UTOPIE VOLUME 1 : UN MONDE TROP PARFAIT AVEC RODOLPHE ET GRIFFO


 Nous avons tous une idée personnelle de ce que pourrait être un monde parfait, dégagé de ses problèmes, de ses incertitudes. Cette utopie peut faire froid dans le dos à certains ou au contraire être appelée de tous leurs vœux, par bien des rêveurs, qui ne comprennent pas que leur songe est un géant aux pieds d'argile. Car la perfection, ça n'existe pas, même dans cet univers mis sur pied par Rodolphe, qui est un peu un des spécialistes du genre. Ici, le personnage principal autour duquel gravite ce volume 1 s'appelle Will Jones : il travaille dans une institut qui a pour ambition de proposer une version cohérente de tous les faits historiques jamais advenus. Clairement, il s'agit en fait d'un exercice de réécriture, pour que tout devienne "lisse", quitte à perdre complètement le sens de notre héritage commun (il est ainsi question - et c'est assez drôle - du communiste au lieu de communisme et d'une certaine Stala, à la place de Staline. Et à un certain point , un des employés prétend qu'il existe des sources qui affirment que le dictateur soviétique était un homme, cela fait rire ses collègues!). Dans cette société aseptisée, les rapports personnels et tout particulièrement sexuels entre les êtres humains n'ont plus court, tout du moins dans la caste des plus nantis que l'on appelle les "plus plus". Eux ont à la maison une sorte de robot qui les attend pour satisfaire tout leur désirs. Les hommes ont une babe (amante et cuisinière soumise), les femmes ont un boy et lorsque le modèle ne correspond plus au goût du moment, il est remplacé par un nouvel androïde ou gynoïde encore plus fonctionnel et désirable. Bref, pourquoi regretter l'ancien monde, celui où les gens se fréquentaient, où on parlait politique, où on avait des débats de famille, où on lisait des livres ?

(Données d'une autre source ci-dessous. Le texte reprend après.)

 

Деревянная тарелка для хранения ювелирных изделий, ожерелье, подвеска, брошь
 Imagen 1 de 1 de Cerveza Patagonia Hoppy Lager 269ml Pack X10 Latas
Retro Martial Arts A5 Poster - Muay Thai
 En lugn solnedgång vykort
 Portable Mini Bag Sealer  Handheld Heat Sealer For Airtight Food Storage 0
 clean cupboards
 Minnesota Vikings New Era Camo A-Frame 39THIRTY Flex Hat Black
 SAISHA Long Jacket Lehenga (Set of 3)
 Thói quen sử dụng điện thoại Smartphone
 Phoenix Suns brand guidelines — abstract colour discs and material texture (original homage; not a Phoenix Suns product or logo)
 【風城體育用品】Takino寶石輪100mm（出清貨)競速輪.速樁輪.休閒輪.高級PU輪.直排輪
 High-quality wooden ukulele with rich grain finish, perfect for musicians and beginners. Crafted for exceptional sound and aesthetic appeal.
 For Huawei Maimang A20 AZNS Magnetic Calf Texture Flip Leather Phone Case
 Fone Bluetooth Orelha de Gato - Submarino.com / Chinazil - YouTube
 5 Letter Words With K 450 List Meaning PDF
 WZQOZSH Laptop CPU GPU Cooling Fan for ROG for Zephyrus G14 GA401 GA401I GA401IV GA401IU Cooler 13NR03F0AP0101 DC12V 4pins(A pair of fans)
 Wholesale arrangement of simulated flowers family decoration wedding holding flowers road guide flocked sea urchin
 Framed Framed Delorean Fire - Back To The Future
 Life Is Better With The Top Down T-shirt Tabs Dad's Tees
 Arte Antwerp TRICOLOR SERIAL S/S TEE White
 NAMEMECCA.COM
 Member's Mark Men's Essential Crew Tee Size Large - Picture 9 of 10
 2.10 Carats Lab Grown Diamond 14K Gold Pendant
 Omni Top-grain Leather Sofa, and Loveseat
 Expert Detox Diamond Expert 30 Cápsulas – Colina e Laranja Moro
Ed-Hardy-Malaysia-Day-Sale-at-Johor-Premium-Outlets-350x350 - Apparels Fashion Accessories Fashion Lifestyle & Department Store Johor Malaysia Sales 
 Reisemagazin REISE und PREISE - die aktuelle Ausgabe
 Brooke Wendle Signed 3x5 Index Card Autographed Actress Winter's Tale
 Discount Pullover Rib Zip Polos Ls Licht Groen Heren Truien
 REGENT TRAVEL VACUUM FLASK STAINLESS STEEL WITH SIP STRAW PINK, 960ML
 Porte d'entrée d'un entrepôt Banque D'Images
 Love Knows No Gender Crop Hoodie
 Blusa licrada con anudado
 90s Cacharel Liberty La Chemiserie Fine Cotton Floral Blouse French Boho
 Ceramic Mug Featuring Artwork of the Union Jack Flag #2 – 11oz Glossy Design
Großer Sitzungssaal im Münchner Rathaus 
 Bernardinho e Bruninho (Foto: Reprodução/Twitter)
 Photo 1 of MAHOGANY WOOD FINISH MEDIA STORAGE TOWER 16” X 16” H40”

Il y a donc un petit côté Fahrenheit 451 dans cette histoire. Le livre en tant que dépositaire de l'ordre ancien, dont le contenu est capable de perturber la fable du présent, capable aussi de remuer les esprits, de les ouvrir vers quelque chose d'autre, la contestation de l'ordre établi. C'est un acte révolutionnaire alors, de tourner les pages d'un bouquin, au point qu'ils sont systématiquement interdits et brûlés et que le chemin de croix du protagoniste va commencer dès l'instant où une mystérieuse étrangère commence à lui transmettre des ouvrages, jour après jour, dont il ne parvient pas à se défaire. Cette société utopique semble en réalité annihiler  les individus et leurs instincts naturels, pour offrir en échange des cages de verre, l'illusion d'un paradis aseptisé et dirigé par "Carla et Andy". Ils ont construit ce monde en apparence merveilleux et se révèlent à la foule sous forme d'hologrammes, pour inciter les masses des travailleurs à vivre soumis et accepter passivement les efforts de guerre, dont on parle à certains moments, mais qui ne sont jamais concrètement définis. Probablement en saurons-nous plus dans le prochain tome, à sortir en avril. Le troisième étant lui à paraître au mois de septembre 2024. Même si la facture de l'ensemble est assez classique et qu'il s'agit d'une histoire qui trouve un écho dans bien d'autres choses déjà lues précédemment, il faut admettre que tout coule de source, que c'est très agréable d'aller de l'avant dans cette aventure et qu'il se dégage une cohérence et une unité assez remarquables. Le dessin de Griffo est capable d'unir suffisamment de réalisme et d'avoir une patte personnelle clairement axée sur les sentiments et les émotions, pour rendre la lecture fascinante, voire à certains endroits touchantes. C'est donc un premier volume qui remplit parfaitement son rôle et dont on aimerait avoir déjà la suite, tant on devine le potentiel évident d'Utopie.